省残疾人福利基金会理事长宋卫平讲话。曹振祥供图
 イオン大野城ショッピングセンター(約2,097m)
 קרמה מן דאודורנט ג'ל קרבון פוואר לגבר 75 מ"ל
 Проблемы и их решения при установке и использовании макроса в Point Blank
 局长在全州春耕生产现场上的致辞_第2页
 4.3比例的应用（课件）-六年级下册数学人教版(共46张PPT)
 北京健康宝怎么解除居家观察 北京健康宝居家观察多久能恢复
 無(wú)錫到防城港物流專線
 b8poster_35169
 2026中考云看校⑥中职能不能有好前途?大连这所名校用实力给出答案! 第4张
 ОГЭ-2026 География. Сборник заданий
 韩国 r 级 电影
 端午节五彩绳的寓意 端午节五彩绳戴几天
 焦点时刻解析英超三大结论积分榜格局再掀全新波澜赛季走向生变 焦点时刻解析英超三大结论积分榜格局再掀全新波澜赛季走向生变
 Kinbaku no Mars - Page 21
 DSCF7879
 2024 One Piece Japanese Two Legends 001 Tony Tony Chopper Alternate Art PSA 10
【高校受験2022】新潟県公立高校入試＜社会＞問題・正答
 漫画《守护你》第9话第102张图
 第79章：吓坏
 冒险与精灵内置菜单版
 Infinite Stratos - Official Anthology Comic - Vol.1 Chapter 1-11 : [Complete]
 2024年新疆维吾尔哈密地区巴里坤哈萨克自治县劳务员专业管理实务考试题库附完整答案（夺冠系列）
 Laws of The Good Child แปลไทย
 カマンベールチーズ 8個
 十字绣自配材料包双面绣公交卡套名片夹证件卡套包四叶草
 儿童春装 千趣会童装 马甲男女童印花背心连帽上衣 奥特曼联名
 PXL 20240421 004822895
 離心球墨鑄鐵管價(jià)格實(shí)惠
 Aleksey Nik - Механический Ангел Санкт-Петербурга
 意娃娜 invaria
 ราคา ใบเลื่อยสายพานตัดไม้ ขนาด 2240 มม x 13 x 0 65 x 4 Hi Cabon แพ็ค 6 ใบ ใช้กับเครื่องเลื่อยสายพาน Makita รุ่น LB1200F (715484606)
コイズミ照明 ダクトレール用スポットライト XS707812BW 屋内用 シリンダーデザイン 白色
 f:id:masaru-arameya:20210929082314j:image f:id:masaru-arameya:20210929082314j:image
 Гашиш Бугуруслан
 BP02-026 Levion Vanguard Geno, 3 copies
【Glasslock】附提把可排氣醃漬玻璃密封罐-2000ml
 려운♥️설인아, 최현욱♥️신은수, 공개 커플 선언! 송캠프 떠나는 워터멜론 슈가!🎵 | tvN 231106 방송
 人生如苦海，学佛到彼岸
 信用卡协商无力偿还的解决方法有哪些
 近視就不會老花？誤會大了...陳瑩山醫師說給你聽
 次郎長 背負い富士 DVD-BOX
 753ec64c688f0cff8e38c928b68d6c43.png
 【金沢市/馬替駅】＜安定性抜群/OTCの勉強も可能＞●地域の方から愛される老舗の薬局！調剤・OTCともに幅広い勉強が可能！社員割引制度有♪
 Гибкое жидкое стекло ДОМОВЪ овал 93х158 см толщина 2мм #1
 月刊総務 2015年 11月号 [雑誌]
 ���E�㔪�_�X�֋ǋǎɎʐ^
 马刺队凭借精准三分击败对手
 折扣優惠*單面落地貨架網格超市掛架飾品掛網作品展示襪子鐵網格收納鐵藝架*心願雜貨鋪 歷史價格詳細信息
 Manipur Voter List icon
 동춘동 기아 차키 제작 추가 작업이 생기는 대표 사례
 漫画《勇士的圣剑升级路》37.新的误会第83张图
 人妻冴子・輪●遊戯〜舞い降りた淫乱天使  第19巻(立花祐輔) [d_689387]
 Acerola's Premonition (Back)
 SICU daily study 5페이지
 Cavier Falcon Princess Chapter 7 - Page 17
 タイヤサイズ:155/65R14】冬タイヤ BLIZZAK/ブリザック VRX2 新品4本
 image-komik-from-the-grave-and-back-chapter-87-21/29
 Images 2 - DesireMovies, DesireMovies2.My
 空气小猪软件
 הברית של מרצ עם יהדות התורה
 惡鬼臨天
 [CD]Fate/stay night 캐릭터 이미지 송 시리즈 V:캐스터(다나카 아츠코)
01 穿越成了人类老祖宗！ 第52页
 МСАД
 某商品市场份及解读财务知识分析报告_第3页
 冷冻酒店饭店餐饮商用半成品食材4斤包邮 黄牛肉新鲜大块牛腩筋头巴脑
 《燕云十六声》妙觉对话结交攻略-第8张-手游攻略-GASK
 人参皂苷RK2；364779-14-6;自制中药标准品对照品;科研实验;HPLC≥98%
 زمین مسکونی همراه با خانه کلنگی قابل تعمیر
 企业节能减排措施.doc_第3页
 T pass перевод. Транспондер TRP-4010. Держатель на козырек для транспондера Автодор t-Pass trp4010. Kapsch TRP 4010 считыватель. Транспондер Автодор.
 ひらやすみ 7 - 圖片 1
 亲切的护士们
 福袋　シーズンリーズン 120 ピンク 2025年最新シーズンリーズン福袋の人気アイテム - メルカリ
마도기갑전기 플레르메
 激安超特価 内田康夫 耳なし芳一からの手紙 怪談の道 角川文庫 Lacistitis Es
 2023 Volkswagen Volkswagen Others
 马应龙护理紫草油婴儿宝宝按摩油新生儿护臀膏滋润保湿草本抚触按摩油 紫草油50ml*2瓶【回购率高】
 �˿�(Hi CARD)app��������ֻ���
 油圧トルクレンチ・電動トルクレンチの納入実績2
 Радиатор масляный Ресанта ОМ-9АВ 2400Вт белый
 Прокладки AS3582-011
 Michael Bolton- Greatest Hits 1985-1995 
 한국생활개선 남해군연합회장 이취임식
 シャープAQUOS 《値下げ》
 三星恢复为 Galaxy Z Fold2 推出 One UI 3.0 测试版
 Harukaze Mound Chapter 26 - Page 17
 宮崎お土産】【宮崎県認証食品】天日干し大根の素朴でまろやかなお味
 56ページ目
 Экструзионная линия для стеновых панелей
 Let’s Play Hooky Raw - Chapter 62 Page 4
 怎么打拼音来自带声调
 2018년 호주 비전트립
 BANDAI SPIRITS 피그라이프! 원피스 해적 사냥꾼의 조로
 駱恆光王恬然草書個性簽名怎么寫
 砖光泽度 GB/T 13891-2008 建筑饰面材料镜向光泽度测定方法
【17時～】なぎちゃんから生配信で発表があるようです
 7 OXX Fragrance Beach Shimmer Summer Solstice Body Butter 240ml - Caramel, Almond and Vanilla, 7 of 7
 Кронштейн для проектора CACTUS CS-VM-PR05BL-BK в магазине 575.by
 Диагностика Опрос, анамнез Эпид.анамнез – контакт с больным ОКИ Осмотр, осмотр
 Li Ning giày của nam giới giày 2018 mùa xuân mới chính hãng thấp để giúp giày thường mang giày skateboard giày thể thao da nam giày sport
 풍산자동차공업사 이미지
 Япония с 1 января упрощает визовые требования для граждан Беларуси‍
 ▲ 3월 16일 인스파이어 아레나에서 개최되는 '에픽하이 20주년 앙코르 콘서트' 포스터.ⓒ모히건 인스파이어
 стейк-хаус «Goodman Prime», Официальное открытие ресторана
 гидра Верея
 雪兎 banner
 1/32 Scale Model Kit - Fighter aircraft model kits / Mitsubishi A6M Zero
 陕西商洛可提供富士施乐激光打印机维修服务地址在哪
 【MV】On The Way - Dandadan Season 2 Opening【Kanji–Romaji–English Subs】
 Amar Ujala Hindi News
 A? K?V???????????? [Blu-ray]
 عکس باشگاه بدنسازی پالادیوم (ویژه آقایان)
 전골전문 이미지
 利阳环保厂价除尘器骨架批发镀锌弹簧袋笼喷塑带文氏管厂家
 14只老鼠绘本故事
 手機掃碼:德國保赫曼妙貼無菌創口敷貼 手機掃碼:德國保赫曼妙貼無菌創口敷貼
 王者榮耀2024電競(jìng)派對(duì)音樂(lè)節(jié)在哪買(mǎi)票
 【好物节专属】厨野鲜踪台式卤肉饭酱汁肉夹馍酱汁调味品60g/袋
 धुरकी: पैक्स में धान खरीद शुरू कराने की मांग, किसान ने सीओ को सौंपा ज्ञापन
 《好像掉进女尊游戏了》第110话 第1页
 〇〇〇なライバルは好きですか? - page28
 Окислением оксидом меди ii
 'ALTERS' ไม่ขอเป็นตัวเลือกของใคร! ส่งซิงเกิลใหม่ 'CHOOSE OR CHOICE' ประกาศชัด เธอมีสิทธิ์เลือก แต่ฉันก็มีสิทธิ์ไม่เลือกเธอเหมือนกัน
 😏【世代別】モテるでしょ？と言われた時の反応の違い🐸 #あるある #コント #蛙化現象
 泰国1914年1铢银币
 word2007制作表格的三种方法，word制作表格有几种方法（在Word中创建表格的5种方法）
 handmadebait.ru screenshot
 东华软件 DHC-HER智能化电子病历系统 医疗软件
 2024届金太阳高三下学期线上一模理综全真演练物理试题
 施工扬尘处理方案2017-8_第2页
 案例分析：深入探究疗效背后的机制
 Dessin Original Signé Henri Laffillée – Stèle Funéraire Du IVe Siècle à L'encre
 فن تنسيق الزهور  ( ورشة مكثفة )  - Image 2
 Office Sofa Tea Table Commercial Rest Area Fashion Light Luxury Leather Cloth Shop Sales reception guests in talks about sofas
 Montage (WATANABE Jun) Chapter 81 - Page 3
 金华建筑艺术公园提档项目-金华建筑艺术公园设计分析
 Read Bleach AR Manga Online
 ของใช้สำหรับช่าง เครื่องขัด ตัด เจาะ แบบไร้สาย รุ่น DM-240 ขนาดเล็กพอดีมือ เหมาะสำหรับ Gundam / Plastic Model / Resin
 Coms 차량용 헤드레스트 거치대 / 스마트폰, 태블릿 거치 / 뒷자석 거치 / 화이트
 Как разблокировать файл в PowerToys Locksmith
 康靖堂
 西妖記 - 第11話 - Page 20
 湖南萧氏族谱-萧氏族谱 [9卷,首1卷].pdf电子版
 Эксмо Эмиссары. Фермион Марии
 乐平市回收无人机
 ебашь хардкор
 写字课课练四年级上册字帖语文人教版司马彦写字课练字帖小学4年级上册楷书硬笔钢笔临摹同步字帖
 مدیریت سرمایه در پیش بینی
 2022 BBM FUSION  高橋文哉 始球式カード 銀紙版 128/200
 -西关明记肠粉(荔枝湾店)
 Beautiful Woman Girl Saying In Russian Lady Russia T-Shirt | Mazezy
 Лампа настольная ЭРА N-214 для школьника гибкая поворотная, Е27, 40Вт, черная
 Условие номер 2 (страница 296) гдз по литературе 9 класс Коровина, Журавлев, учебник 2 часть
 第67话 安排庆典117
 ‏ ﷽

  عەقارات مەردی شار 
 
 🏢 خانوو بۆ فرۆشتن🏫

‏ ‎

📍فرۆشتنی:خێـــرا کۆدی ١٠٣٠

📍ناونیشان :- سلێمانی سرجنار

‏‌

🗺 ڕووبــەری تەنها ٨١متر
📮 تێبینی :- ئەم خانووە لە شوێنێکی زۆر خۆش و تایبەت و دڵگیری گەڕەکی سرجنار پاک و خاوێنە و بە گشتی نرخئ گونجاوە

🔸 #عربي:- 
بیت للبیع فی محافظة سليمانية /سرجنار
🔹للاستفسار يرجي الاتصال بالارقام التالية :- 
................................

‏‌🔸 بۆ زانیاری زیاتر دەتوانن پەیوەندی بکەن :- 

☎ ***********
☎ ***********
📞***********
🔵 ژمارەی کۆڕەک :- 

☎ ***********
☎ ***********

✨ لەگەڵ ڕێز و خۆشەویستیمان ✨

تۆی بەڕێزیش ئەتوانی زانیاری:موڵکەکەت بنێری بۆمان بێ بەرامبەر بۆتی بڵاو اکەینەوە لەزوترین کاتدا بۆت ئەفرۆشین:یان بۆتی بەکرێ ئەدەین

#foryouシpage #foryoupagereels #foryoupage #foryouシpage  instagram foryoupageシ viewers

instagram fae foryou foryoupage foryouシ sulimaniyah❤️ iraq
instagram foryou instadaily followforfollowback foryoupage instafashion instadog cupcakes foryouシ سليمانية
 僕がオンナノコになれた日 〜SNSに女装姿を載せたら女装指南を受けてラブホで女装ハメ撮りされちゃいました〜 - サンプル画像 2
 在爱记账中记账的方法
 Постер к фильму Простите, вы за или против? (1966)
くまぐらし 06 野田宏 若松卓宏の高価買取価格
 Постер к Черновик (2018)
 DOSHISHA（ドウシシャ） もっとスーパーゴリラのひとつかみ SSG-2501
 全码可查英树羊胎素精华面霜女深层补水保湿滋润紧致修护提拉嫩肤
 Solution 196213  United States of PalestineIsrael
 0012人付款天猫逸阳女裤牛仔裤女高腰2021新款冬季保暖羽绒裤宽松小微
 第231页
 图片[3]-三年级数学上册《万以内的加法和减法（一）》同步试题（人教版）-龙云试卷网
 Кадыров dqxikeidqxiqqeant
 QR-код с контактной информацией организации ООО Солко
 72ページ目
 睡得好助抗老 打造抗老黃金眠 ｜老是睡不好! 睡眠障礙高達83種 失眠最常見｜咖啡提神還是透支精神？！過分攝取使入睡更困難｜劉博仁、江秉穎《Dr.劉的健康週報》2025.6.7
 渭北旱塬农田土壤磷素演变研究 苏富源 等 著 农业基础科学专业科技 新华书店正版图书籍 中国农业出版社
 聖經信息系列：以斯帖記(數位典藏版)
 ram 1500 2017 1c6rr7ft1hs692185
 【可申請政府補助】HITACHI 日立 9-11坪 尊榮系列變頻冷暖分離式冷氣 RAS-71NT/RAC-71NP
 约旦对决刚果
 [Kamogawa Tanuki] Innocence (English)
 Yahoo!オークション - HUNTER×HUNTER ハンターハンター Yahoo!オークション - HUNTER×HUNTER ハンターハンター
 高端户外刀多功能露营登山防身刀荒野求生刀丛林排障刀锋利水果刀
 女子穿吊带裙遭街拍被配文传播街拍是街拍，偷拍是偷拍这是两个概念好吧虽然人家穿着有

◆ **The task**:
Across the entries above, find each line with the word "instagram" and please copy it out.

◆ **Answer to the problem**:
#foryouシpage #foryoupagereels #foryoupage #foryouシpage  instagram foryoupageシ viewers
instagram fae foryou foryoupage foryouシ sulimaniyah❤️ iraq
instagram foryou instadaily followforfollowback foryoupage instafashion instadog cupcakes foryouシ سليمانية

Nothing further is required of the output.